* _PROBLEM DETAILS_:
Copy exactly the lines from the line holding "Aviator Sunglasses Women's" through the end of the material, and no others; pictures stay out.

* _ENTRIES SHOWN_:
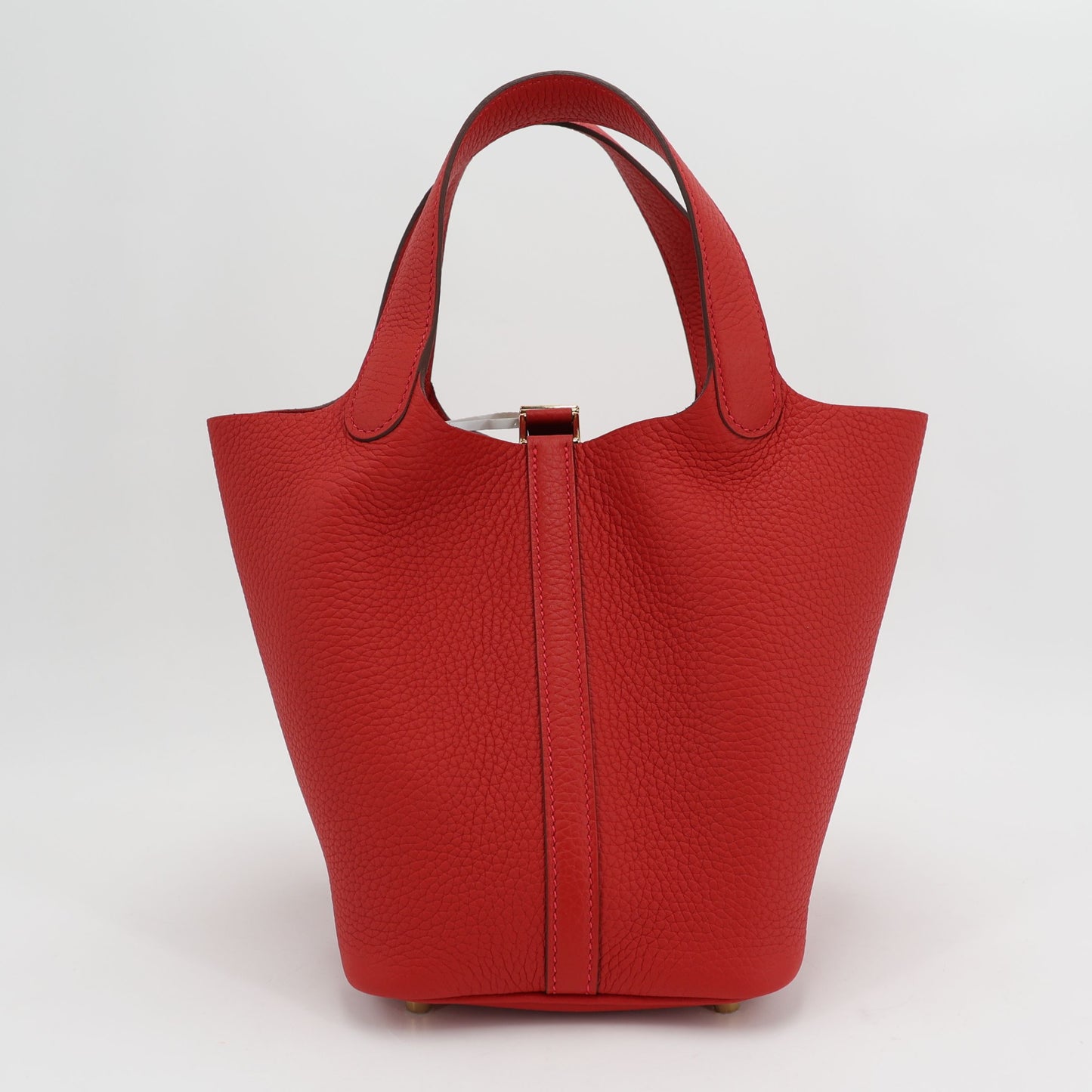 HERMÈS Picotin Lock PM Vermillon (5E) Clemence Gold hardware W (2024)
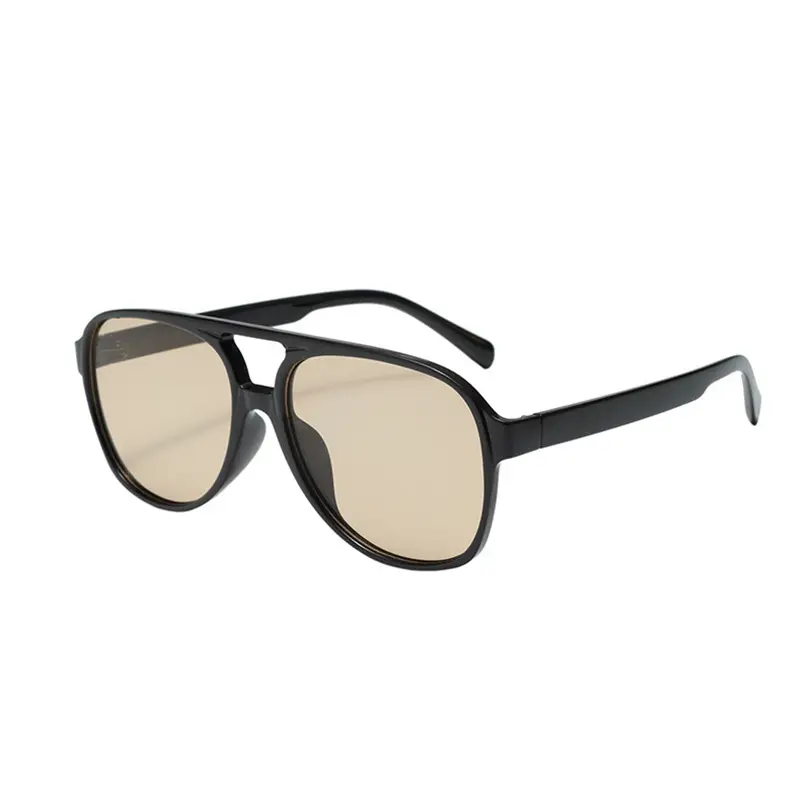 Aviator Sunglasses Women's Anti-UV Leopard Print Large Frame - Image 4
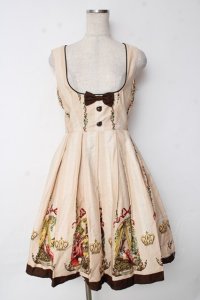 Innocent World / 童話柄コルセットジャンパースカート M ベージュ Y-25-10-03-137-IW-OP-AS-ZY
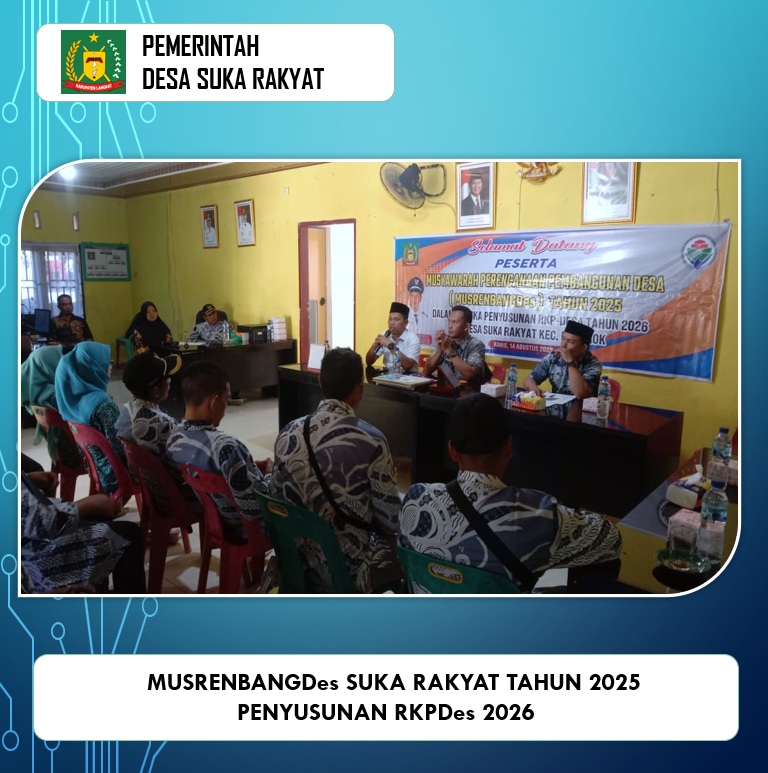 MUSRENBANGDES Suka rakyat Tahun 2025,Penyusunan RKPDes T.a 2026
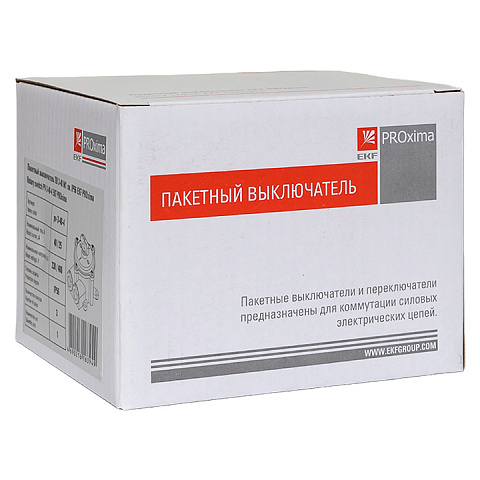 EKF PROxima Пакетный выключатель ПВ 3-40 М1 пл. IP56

* _FINISHED TASK_:
 Aviator Sunglasses Women's Anti-UV Leopard Print Large Frame - Image 4
 Innocent World / 童話柄コルセットジャンパースカート M ベージュ Y-25-10-03-137-IW-OP-AS-ZY
 MUSRENBANGDES Suka rakyat Tahun 2025,Penyusunan RKPDes T.a 2026
 EKF PROxima Пакетный выключатель ПВ 3-40 М1 пл. IP56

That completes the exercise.